Wednesday, October 17, 2007

British Telecom's futurist predicts end of the world in about 10 years

Ian Pearson tries to predict the future for British Telecom. I think I've previously written about his 2006 Technology Timeline.

Now he's being interviewed by Computerworld about the develop of sentient machines.

Computerworld - BT Futurist: AI entities will win Nobel prizes by 2020

...We will probably make conscious machines sometime between 2015 and 2020...

... I think that we still should expect a conscious computer smarter than people by 2020. I still see no reason why that it is not going to happen in that time frame....

... they will get very, very clever. It's kind of like a hamster trying to understand a human being. They can't simply understand the problem. How could they possibly think in the same way? It's like as if a human being is compared with an alien intelligence, which is hundreds of millions of times smarter. We don't have the right capabilities to start thinking in the same way. So, we put machines winning Nobel Prizes in our technology timeline, because we got good reasons to do that...

The scenario is very familiar to anyone who's done their essential reading. Certainly I've written about it enough.
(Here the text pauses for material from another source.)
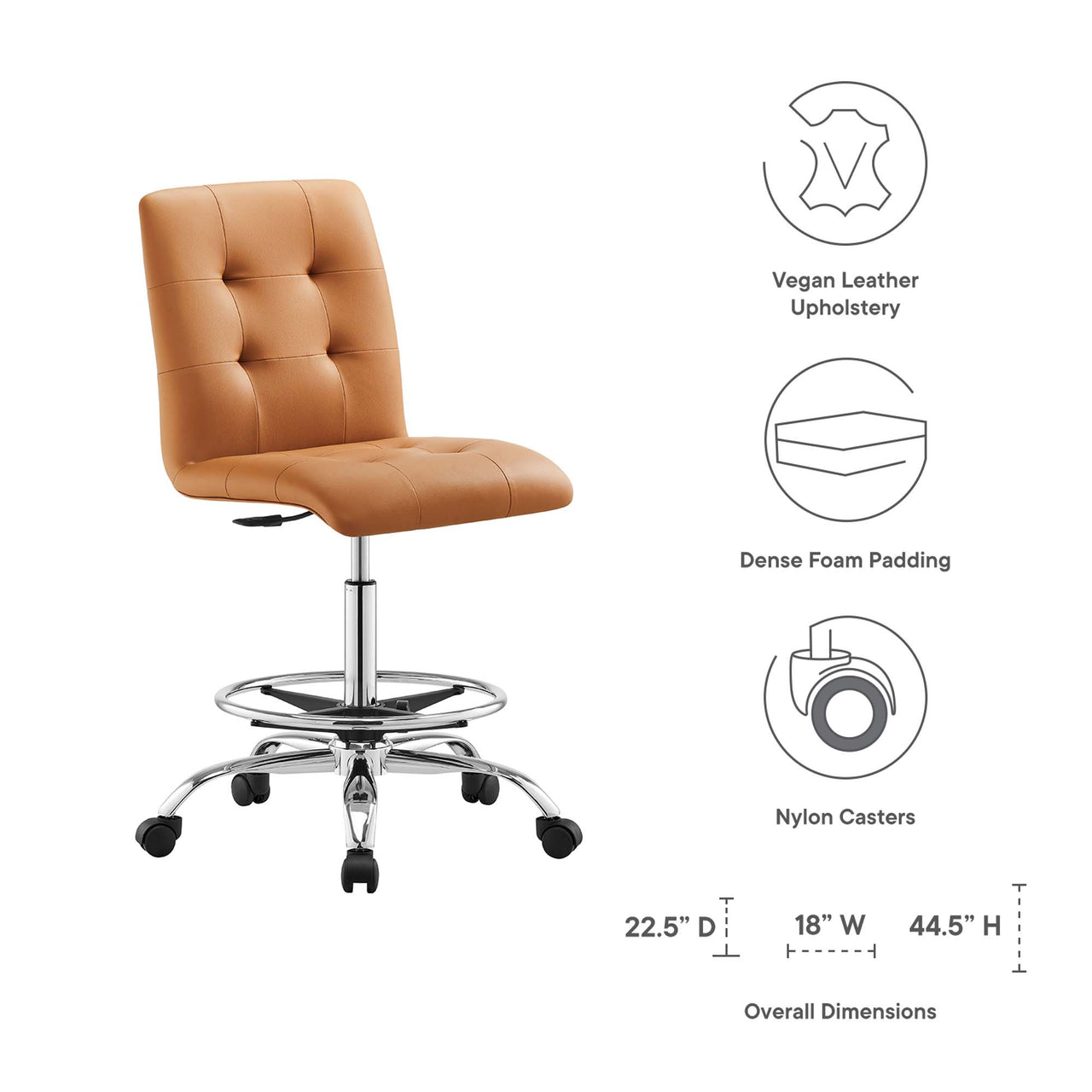 Quartz Armless Eco-Leather Drafting Chair, Silver & Tan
Once machines get to hamster level, much less consciousness, it's basically game over. I'm not entirely confident humanity will vanish immediately; that might depend on the AI's sense of humor.

What's novel is the date -- that's the earliest prediction I've read from anyone gainfully employed. Most of predictions are out around 2040, where I have a decent chance of being safely oblivious (whether dead or alive). In ten years I might be still standing.

I think he's wrong. Actually, if I were the praying type, I'd pray he's wrong. I'm more inclined to 2050 myself, which makes it my kids' problem. Once you move it out to 2050 there's a decent chance of prior civilizational collapse anyway, which could give Homo sapiens a bit of a longer run.

BTW, wouldn't a TV show about a top secret spy organization that goes around the world messing up AI projects be a lot of fun?